Officers also found thousands of indecent images and moving clips of children on his domestic computer equipment.

The former Durham University academic, who has Parkinson’s Disease and walks with the aid of a stick, pleaded guilty to nine offences.

He admitted downloading 688 indecent still and moving images of children of the worst category, between July 2008 and October 2015, along with two similar charges relating to a further 2,453 indecent images.

Allington-Smith also admitted three charges relating to the possession of 1,818 prohibited images of children. The latter images include Japanese cartoon-type pictures and computer generated images, as well as copies of pictures found in a paedophile manual.

He also admitted possessing the manual, containing advice on how to abuse sexually children.

And he pleaded guilty to a charge of voyeurism in July 2013 when, “for the purposes of sexual gratification”, he recorded a woman doing a private act without her knowledge.

Allington-Smith further admitted outraging public decency, between September 2009 and September 2014, for a series of acts of a “lewd, obscene or disgusting nature” by taking images up women’s skirts without their knowledge.

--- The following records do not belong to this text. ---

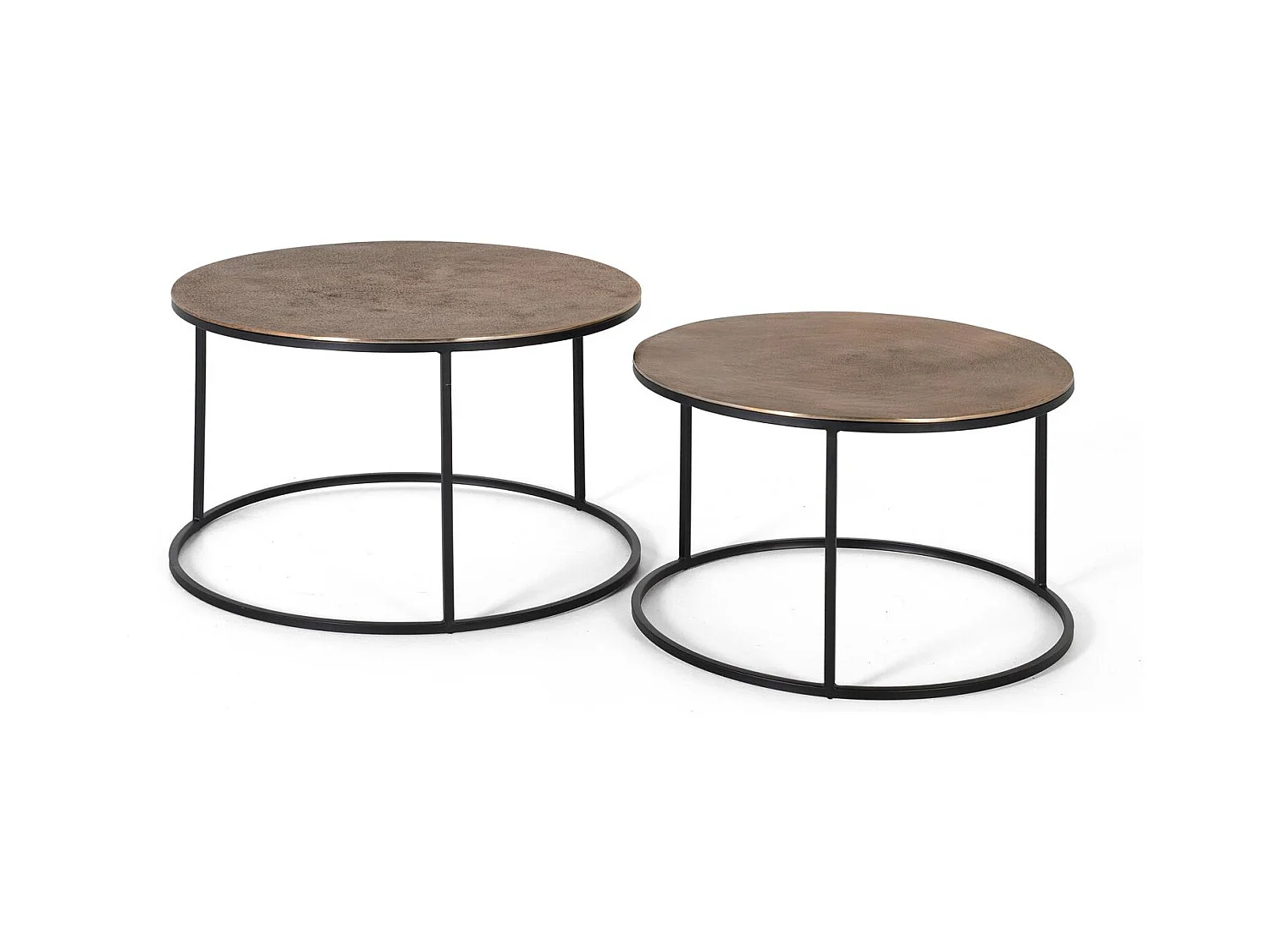 Lot de 2 tables en métal et cuivre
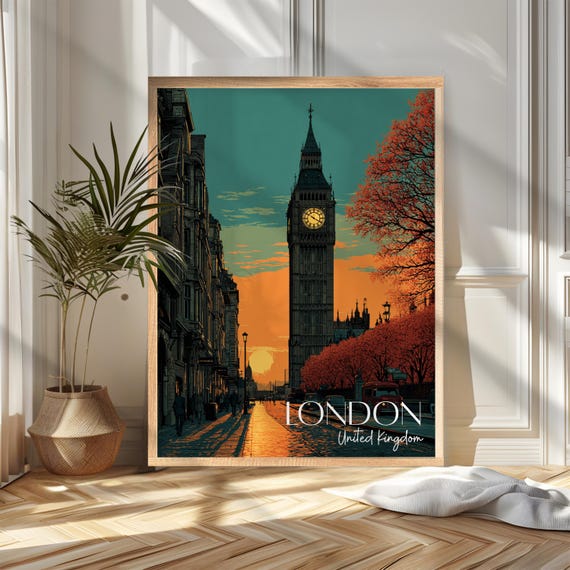 London Travel Poster Print Big Ben Wall Art Wanderlust Home And Office Decor Gift For Travelers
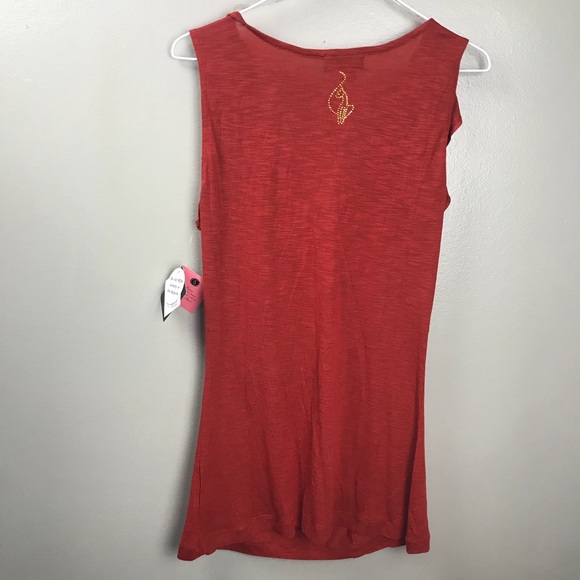 Baby Phat Burnt Orange Studded Sleeveless Blouse L - Picture 3 of 7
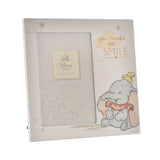 White square photo frame for a 6 x 4in photo, featuring Dumbo smiling with his hat, gold "you make me SMILE" text, clouds and stars on a plain background.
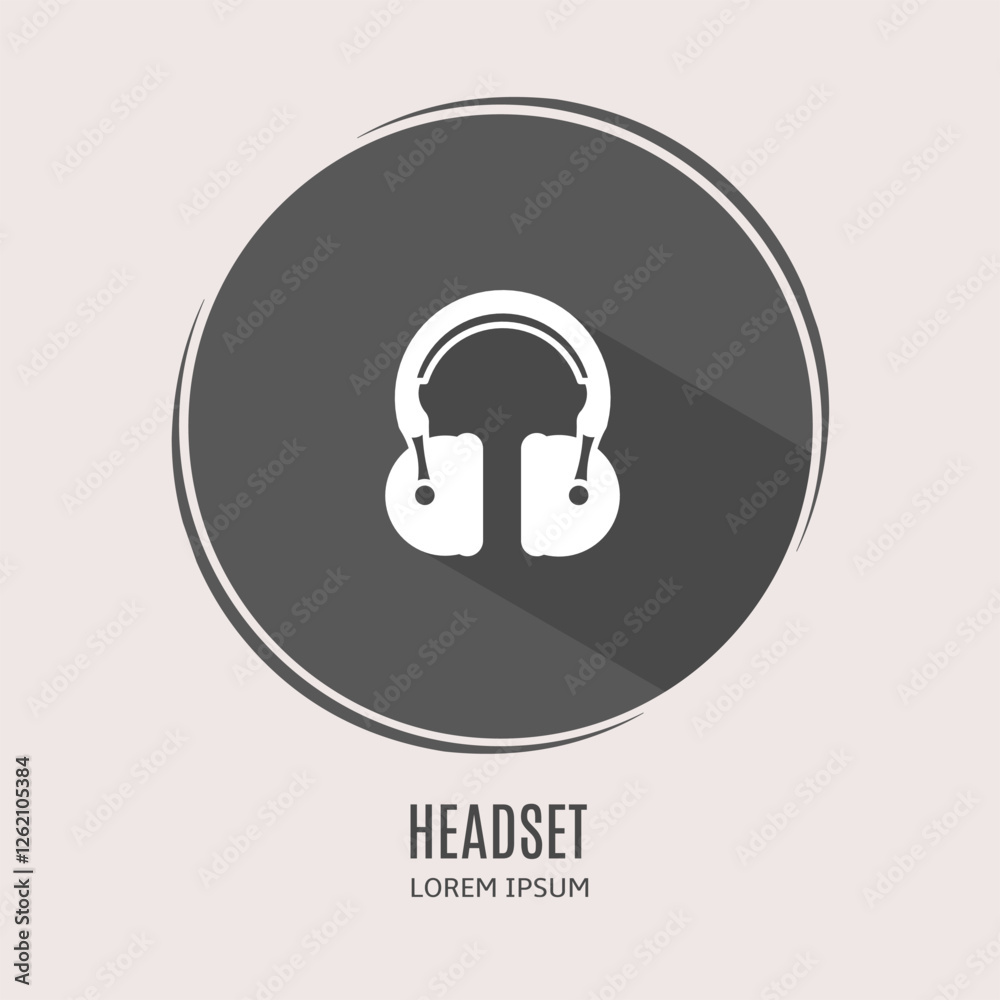 Symbol headset logo. Illustration of headset in flat. Stock vector. Symbol headset logo. Illustration of headset in flat. Stock vector.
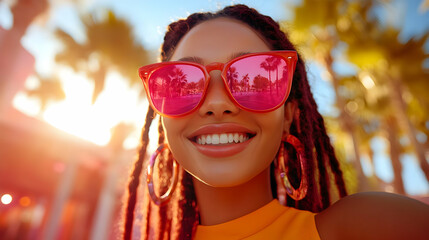 Wall Mural - A smiling woman with sunglasses in a vibrant outdoor setting.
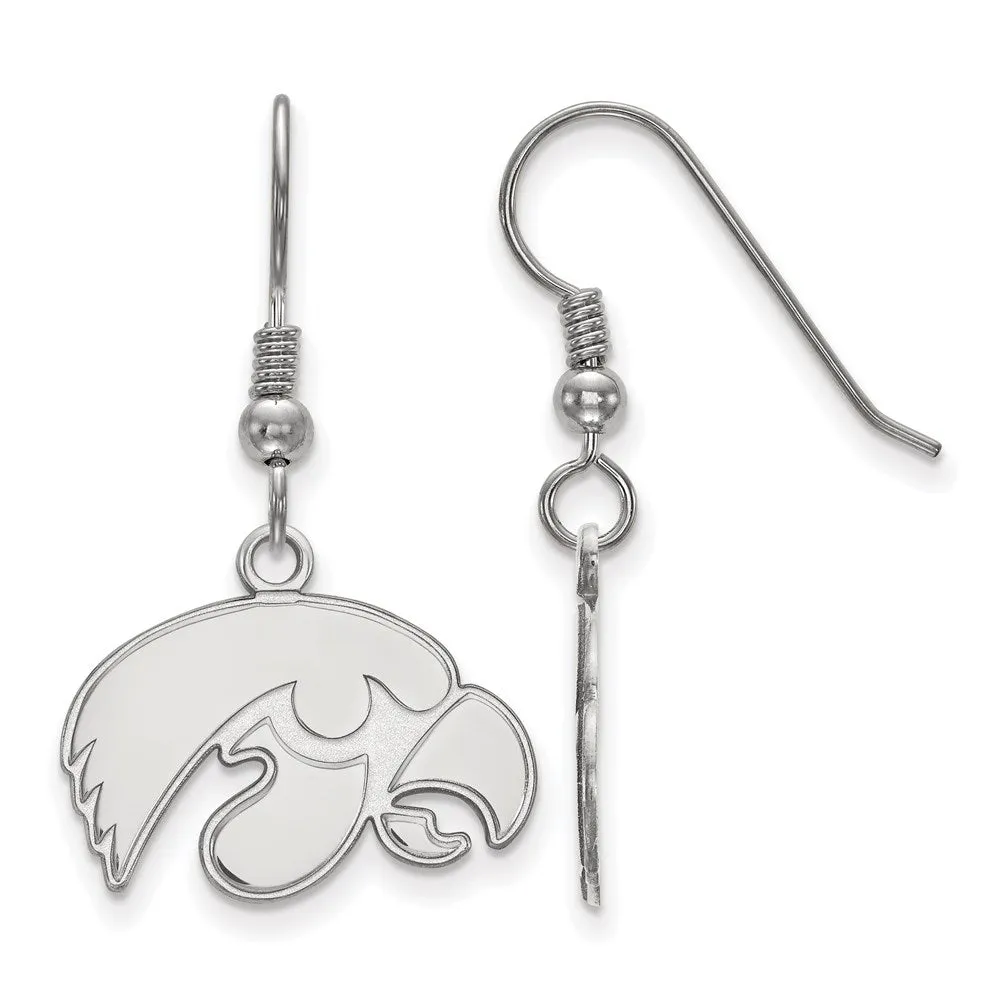 Sterling Silver Rhodium-plated University of Iowa Hawk Small Dangle Wire Earrings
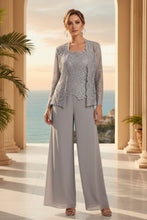 Load image into Gallery viewer, Women's Floral Lace Jacket & Top & Chiffon Wide-Leg Pants Three-Piece Formal Set – 12 Colors US0–14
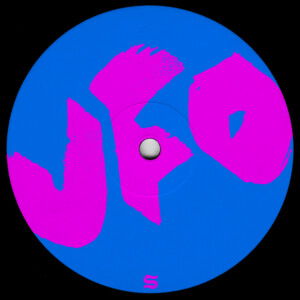UFO steht in pinker Schrift auf einer Blauen Vinyl.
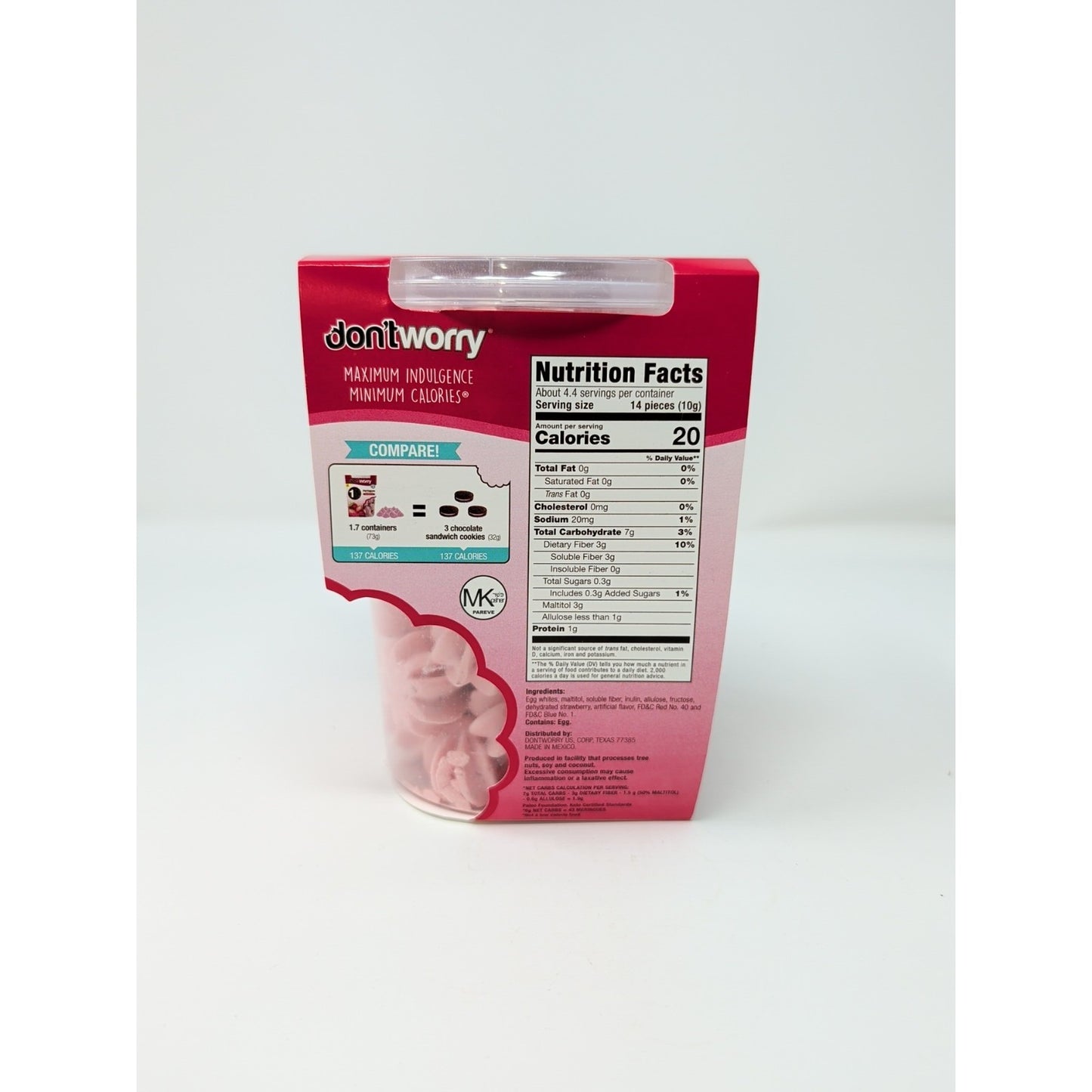 don'tworry Meringues Strawberry Flavor 1.5 Ounce Plastic Container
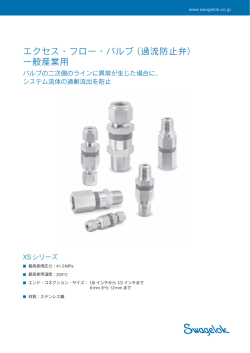エクセス・フロー・バルブ 過流防止弁 一般産業用 XSシリーズ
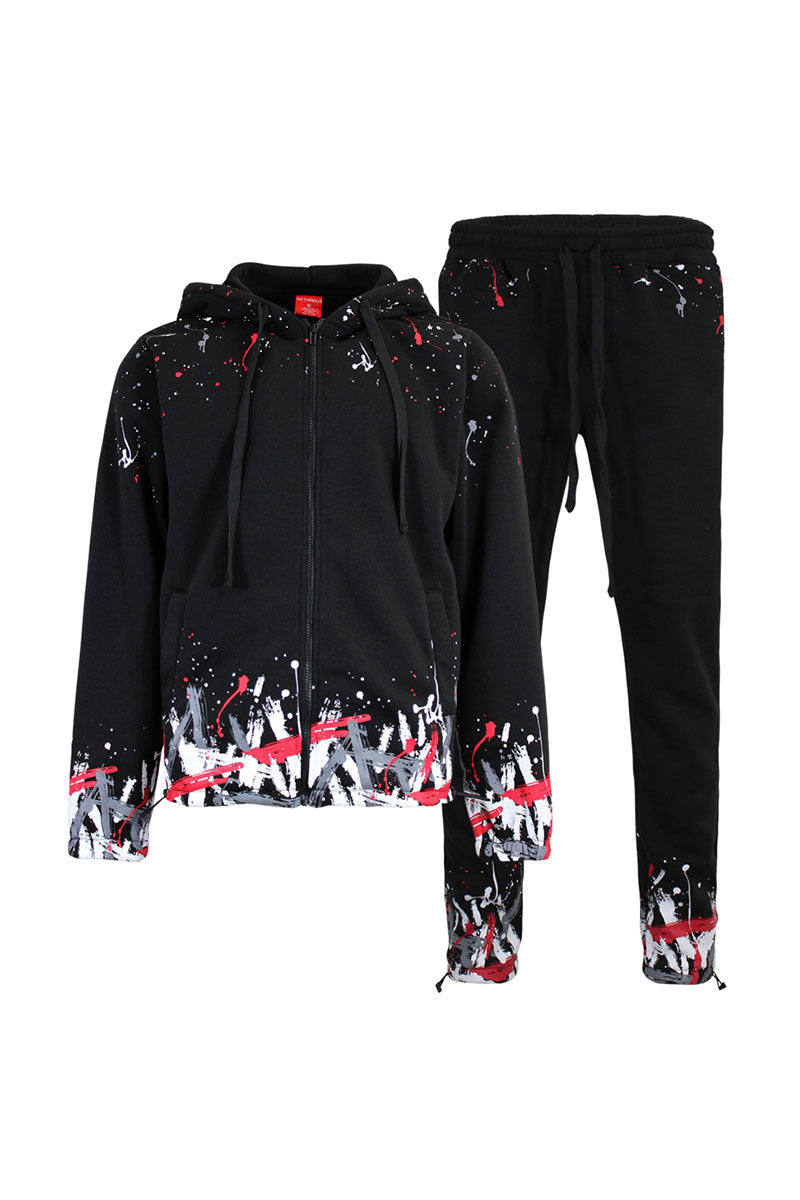 PAINT SPLATTER FLEECE SET - BLACK/RED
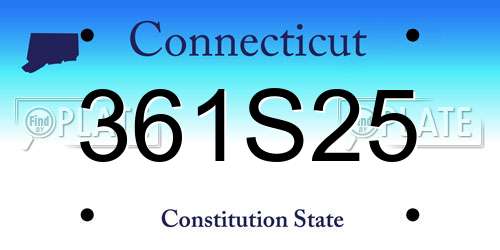 361S25 Connecticut License Plate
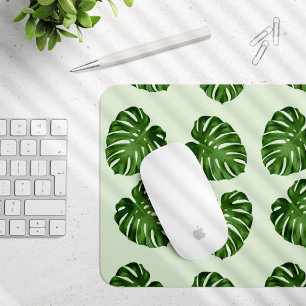 Palm Leaves, Green Leaves, Tropical Pattern Mouse Mat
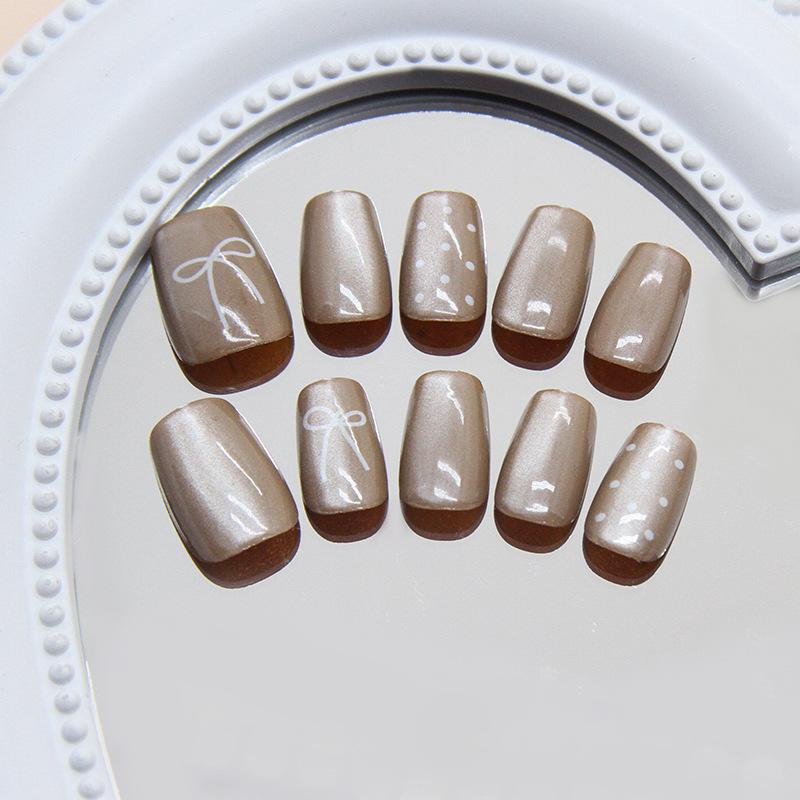 Light coffee line bow polka dot cat eye gentle white ins style manicure patch removable 30 pieces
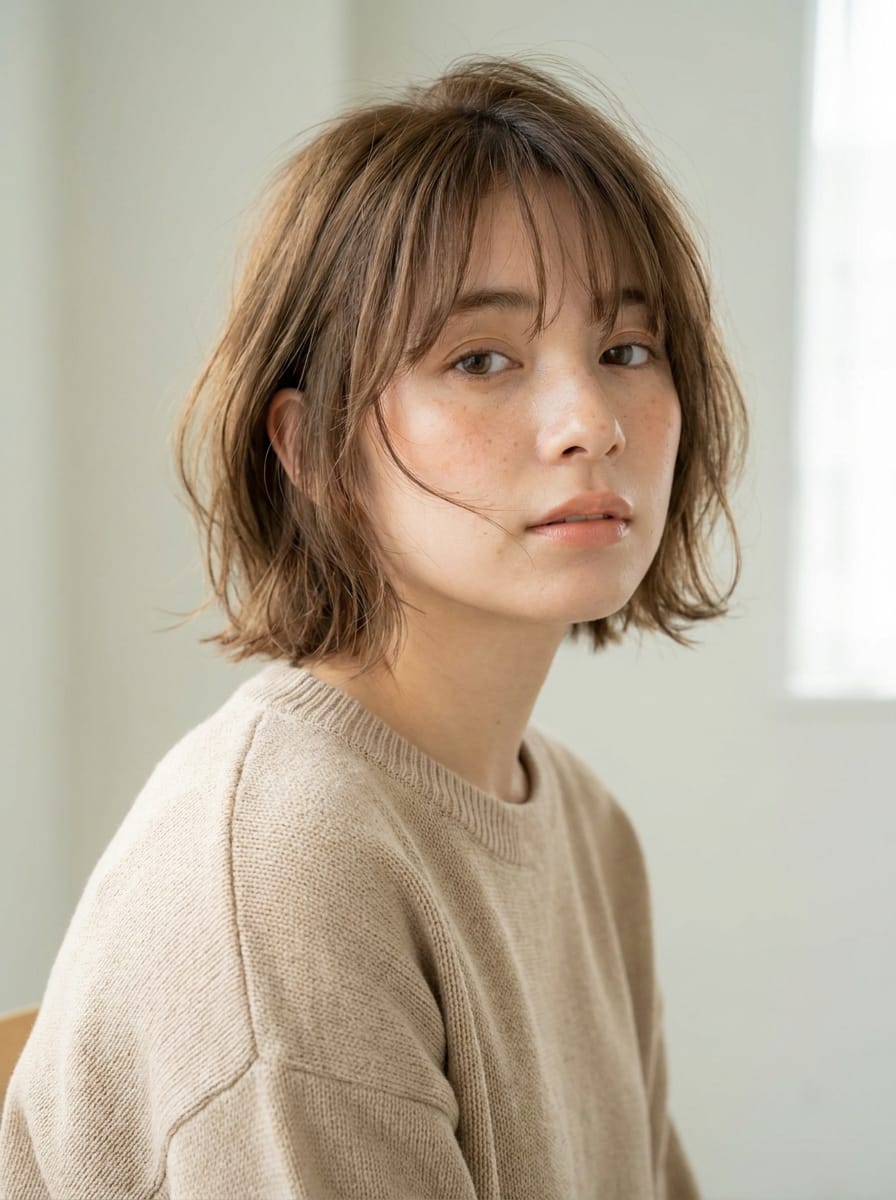 Kurzer Bob mit soften Curtain Bangs - Freche kurze Bob Frisuren
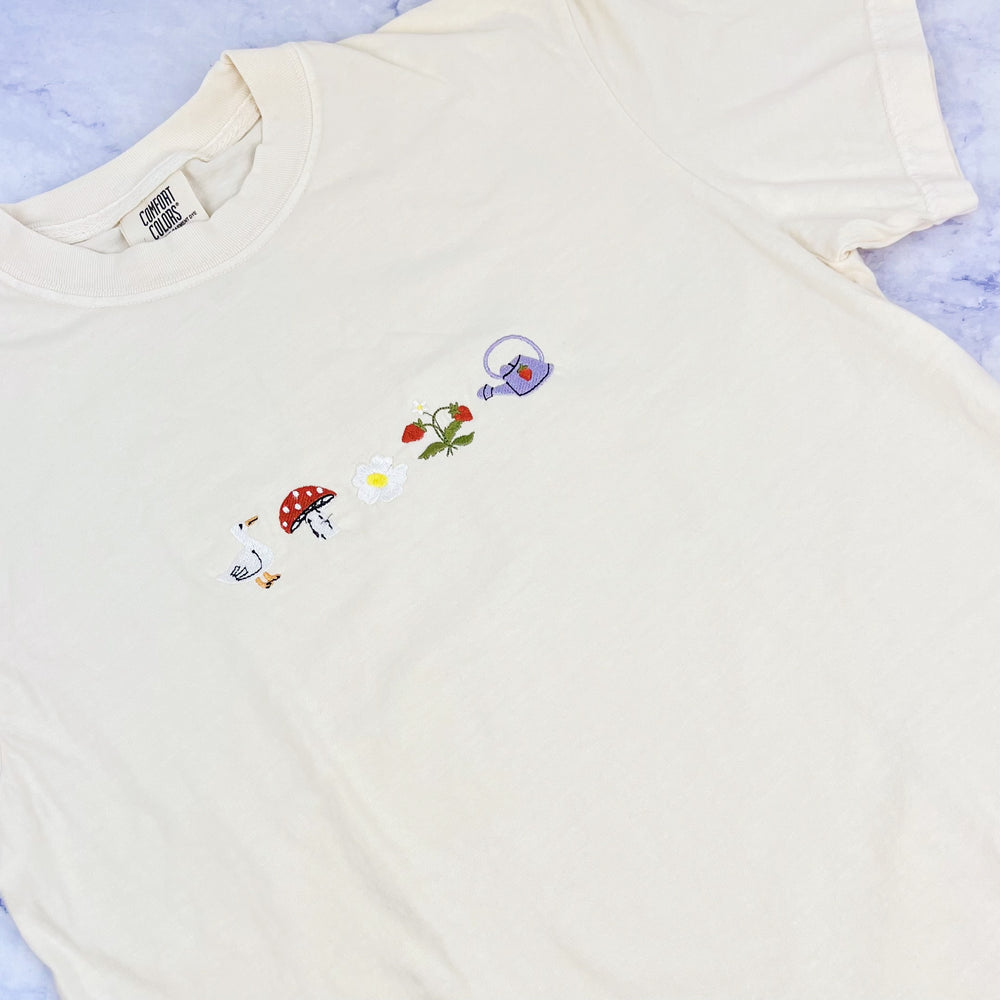 Embroidered Spring Garden Tee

He denied a tenth count of attempting to take indecent photographs of children in March 2011 – a charge which will be left on file.

Referring to a summary of the state’s case, Judge Christopher Prince said: “There are 360 moving image clips taken from a smart phone or small camera being held down low as the defendant walks along the street – almost exclusively of young women wearing short skirts . . . in shops or walking up the steps.”

The judge placed Allington-Smith on the sex offenders’ register with immediate effect and adjourned the case for sentencing on January 20.

The former academic was granted bail with stringent conditions on his use of the internet and he was banned from using any device capable of taking images outside of his own home.